Post by MickeyMoto »

Are you 100% sure your carburettor are clean inside? Also, I have had problems with carb balance in the past which meant the engine bogged down in the mid range. May also want to check the air filters. How are the rocker clearances? How are the intake stubs? Not to say that when cold the rubber is nicely 'hard' but when warm cracks open up.

One other thing is to take care with quoting resistance figures as I am sure most meters will be lying like a lawyer paid by a multibillionaire Hungarian banker.

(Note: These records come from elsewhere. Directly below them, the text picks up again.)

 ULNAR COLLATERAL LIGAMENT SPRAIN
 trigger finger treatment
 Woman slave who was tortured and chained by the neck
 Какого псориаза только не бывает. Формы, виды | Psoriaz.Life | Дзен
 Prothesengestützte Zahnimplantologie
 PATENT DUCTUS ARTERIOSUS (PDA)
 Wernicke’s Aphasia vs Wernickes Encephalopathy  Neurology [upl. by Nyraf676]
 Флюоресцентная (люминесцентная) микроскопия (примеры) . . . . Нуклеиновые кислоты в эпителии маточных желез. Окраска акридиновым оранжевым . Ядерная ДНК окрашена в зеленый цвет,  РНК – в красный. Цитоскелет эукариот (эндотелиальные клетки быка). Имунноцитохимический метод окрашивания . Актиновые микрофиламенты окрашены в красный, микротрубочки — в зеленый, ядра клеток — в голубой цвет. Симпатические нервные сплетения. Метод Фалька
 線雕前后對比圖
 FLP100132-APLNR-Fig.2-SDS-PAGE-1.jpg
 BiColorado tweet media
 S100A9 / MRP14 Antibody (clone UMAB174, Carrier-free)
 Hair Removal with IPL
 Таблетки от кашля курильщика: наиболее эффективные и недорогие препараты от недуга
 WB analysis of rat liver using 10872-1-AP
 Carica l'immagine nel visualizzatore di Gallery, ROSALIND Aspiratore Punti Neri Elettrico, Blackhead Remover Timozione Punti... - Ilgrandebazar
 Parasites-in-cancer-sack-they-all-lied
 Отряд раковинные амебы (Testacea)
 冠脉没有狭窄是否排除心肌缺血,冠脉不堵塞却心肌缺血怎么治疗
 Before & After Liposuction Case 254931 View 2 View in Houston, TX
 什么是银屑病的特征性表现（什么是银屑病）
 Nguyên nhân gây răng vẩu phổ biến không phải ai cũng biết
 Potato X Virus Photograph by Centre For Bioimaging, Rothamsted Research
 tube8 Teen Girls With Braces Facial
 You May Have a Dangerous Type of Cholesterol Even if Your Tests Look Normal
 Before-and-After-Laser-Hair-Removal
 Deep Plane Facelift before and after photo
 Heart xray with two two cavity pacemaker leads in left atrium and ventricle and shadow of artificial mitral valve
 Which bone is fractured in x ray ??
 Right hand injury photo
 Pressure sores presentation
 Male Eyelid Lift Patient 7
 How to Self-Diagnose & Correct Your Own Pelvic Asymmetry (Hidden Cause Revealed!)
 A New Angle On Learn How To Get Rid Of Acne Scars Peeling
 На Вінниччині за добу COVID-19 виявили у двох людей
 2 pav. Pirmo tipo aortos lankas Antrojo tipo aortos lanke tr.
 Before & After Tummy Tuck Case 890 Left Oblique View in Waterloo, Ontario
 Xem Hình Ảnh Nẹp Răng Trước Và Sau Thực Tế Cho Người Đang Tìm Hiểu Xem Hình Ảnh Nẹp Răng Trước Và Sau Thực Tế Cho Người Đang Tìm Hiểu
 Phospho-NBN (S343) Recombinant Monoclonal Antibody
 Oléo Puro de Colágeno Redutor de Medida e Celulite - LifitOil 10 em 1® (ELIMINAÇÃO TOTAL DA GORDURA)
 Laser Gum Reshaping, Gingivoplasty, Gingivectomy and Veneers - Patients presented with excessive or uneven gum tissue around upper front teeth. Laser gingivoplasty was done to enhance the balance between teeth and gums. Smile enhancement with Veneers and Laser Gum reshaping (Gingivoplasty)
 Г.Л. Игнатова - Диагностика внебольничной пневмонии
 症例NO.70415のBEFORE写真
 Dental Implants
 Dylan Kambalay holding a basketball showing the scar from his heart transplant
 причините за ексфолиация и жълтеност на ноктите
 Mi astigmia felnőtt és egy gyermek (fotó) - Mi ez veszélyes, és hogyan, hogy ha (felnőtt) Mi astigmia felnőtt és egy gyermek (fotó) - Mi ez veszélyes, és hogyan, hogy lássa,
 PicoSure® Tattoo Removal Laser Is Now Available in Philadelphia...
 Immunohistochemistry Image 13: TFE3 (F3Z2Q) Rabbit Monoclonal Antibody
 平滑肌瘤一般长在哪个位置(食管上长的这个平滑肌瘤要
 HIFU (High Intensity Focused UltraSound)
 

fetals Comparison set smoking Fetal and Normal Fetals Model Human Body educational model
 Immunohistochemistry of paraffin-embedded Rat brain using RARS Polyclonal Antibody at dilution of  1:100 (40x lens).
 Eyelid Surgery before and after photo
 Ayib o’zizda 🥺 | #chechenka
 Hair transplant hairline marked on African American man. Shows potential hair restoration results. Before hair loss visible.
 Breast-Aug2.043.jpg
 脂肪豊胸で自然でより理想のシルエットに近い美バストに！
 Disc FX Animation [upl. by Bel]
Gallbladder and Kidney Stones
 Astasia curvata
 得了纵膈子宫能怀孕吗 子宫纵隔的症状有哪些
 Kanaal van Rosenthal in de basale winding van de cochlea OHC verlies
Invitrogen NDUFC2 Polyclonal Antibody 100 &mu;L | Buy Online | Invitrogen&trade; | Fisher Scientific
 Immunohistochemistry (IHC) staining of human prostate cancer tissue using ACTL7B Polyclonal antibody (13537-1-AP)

One magneto coil I measured at 250 ohms and had a weak spark, another at 300 ohms is ok. The bike does not run on the first but does on the second. Later rotors have an additional earth wire which attaches to the transducers. Have you checked resistance from the green wires at the transducers? Do you have a kill switch which may be is not properly 'open' in the run position and has a high resistance earth? The engine must be earthed as the spark will only happen if it can get back to the frame, as already mentioned. The transducers earth to the frame. May be worth checking the two points at the front of the frame where all the earths meet. I always use a multimeter to check every earth and that simple things like the engine cases and the frame earths to the battery negative are a short circuit. The plug leads also need to be 100% and I always change mine for copper ones. If you buy spark plugs on ebay be aware there are a lot of fake NGKs around. I buy mine from my local dealer.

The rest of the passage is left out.